Theater has always been a collective experience, and in the early days, intended for the masses: a tribal story told around the fire, the groundlings pressed together at a Shakespeare play, Dickens read aloud by candlelight, the Lone Ranger on the living room console. And then, once we were captured by cinema and television, Walt created a theme park as the ultimate theater for the masses. That’s why audience engagement is so crucial. Walt was not highbrow; he created stories for regular people to step inside. May we never forget this.

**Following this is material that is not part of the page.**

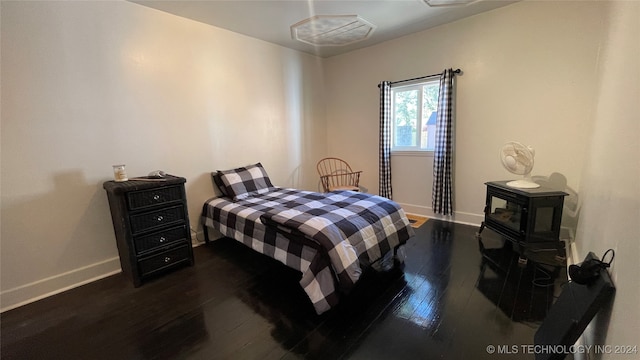 bedroom with dark hardwood / wood-style floors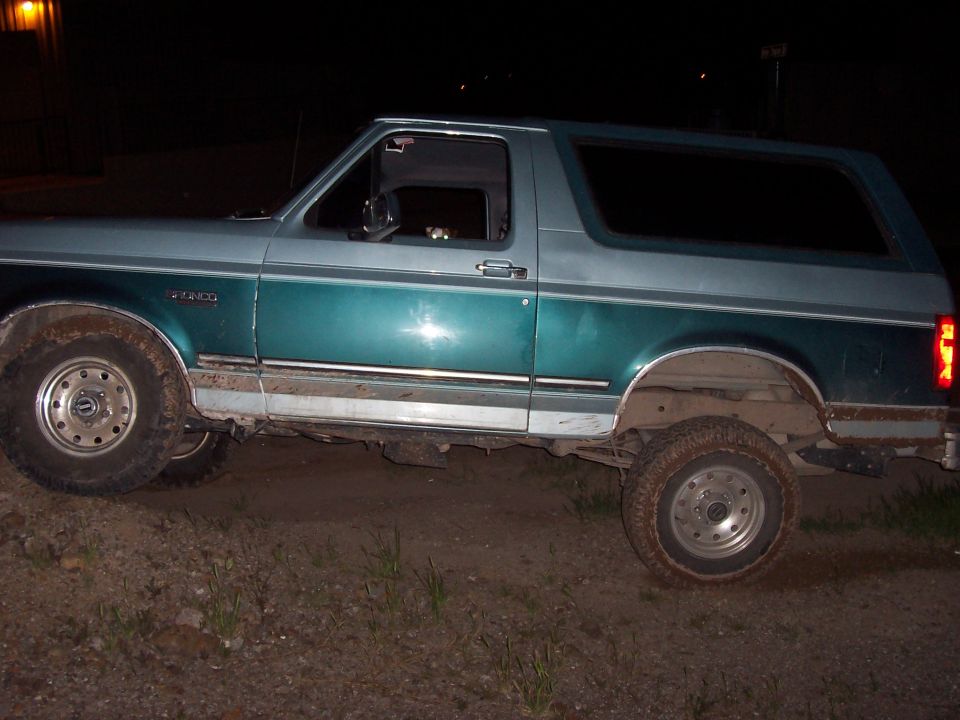Two-tone teal and gray Ford Bronco parked on dirt, side view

I got my start performing audience participatory street theater—reminiscent of commedia dell’arte—on the streets of Epcot at Walt Disney World back in the 80s. Two or three of us would gather a crowd, inviting the audience to create something out of nothing, retelling stock stories in which audience members became the stars of the show. And if their presence in our storytelling mischief didn’t matter, they simply walked away. There was no question that we were nothing without our audience, you only had to look at whether or not we had a crowd. Most days, hundreds gathered for every ramshackle show. And in between shows I could convince a hundred people to traipse around behind me in the hot Florida sun, laughing at my silly, improvised antics as I took them on a “tour of Italy.” Was it my supreme cleverness, my comedic skill, my writing prowess, or my wildly funny bits? Nope. They followed me because I loved them and invited them to join me as an integral part of every breath of my performance.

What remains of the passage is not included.